Turkey immediately demanded an apology, but the first reaction of the Israeli Prime Minister Benjamin Netanjahu was to side with Ayalon. Israel only backed down when the Turkish side issued an ultimatum that it would withdraw its ambassador from Tel Aviv, i.e., break off all diplomatic relations, should the Israeli side refuse to issue a formal apology.

The US adopted a “neutral” stance towards the Israeli affront, advising Turkey to maintain a pro-Western policy and carefully avoided any criticism of the Israeli provocation. Both Israel and Turkey are important allies of the US. Turkey has historically played an important role as a mediator in the Middle East, and Washington hoped it would continue to do so.

In Israel the incident was described as a plot by Avigdor Lieberman, aimed at undermining Defense Secretary Ehud Barak from the Labor Party. Barak had travelled to Turkey and met with his Turkish colleague Vecdi Gönül and Foreign Minister Davutoglu in Ankara last Sunday.

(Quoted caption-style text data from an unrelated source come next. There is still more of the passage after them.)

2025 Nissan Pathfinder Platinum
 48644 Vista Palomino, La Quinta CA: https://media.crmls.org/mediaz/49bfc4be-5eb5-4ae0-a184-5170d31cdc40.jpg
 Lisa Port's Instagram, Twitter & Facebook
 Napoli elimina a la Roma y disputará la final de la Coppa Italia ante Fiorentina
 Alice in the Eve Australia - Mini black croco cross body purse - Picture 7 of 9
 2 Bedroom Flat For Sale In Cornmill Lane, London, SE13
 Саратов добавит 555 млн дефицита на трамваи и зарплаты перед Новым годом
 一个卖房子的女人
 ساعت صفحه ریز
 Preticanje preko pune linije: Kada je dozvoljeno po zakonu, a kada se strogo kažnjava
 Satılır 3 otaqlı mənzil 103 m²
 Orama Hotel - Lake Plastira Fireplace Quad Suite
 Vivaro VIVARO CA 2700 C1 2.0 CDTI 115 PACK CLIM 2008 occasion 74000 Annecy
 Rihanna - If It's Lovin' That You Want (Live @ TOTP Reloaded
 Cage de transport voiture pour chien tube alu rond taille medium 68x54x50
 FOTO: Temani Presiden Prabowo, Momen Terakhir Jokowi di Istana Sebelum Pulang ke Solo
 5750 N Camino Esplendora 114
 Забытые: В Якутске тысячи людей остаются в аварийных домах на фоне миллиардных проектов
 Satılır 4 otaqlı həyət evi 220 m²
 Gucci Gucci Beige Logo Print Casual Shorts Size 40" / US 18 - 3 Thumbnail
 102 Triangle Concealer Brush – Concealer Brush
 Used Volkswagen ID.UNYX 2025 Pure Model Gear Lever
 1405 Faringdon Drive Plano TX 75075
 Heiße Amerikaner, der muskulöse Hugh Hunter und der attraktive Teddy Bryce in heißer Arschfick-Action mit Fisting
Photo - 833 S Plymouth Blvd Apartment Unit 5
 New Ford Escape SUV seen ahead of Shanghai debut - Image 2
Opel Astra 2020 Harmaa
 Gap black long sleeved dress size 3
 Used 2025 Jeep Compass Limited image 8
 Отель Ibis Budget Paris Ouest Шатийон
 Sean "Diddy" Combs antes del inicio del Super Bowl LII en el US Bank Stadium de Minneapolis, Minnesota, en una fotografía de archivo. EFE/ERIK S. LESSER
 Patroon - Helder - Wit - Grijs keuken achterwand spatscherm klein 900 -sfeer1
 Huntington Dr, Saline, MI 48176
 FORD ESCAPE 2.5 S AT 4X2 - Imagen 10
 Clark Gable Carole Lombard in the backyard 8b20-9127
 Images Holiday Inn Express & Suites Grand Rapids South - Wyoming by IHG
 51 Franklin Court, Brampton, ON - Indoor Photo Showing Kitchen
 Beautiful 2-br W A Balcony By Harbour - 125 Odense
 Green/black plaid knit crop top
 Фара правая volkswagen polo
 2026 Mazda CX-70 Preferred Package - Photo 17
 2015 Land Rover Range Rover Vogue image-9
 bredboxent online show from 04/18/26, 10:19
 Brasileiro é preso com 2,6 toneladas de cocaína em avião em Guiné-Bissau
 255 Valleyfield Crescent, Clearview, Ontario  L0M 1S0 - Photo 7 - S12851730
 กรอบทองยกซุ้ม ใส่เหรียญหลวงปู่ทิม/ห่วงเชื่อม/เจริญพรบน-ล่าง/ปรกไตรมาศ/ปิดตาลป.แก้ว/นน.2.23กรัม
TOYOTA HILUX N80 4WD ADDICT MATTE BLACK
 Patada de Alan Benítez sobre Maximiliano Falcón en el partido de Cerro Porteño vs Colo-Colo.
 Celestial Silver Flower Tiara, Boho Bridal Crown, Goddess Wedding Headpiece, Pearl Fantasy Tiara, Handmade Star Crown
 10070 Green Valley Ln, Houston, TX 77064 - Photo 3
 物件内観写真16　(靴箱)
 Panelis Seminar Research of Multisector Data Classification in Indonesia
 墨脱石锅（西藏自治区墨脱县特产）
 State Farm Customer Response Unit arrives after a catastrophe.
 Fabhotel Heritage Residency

On the day before Barak’s visit, Ayalon again stressed that should the Turkish series “Valley of the Wolves” continue to demonize Israel, than Tel Aviv would expel the Turkish ambassador.

Both the Turkish Prime Minister Recep Tayyip Erdogan, from the ruling Islamist AKP (Justice and Development Party), and the head of the Turkish army both refrained from meeting Barak. Erdogan accepted the apology from Israel but remained steadfast in his criticism of Israeli policies.

For his part Barak did everything he could to play down the incident. With obvious satisfaction the Turkish paper Today’s Zaman, which supports the government, reported that Barak had defended Israel’s actions, but also expressed his understanding for the criticisms of Israel made by Erdogan. At the same time, Barak criticized the “unfair” report given by one “Jewish judge,” i.e., the recent report by the UN official Richard Goldstone, which accused Israel of war crimes in its offensive against the Palestinians one year ago.

Barak’s visit took place within the framework of the Turkish-Israeli military pact, which has existed for over 10 years. Turkey wants to buy 10 surveillance planes worth over 100 million euro from Israel and plans to use the aircraft in particular in its offensive against nationalist guerillas of the Kurdish Worker’s Party.

Turkey—the only country with a predominantly Islamic population to maintain a military pact with Israel—has frequently criticised its ally in recent months for its treatment of Palestinians. Tensions came to a head a year ago, when Erdogan walked out of a panel discussion with the Israeli President Shimon Peres at the World Economic Forum in Davos. Turkey also cancelled a joint military manoeuvre with Israel last year.

Shortly before the conflict surrounding the TV program, Erdogan again sharply attacked Israel in the course of a visit to Lebanon. Erdogan described the violations of Lebanese air space by the Israeli Air Force in January as “terrorism” that threatened world peace. In addition, he repeated his criticism of Israel’s treatment of the Palestinians and also declared his opposition to the development of nuclear weapons by “any country” in the region. In other words, he was calling for the same criteria to be applied to both Iran and Israel, whose nuclear weapons are an open secret.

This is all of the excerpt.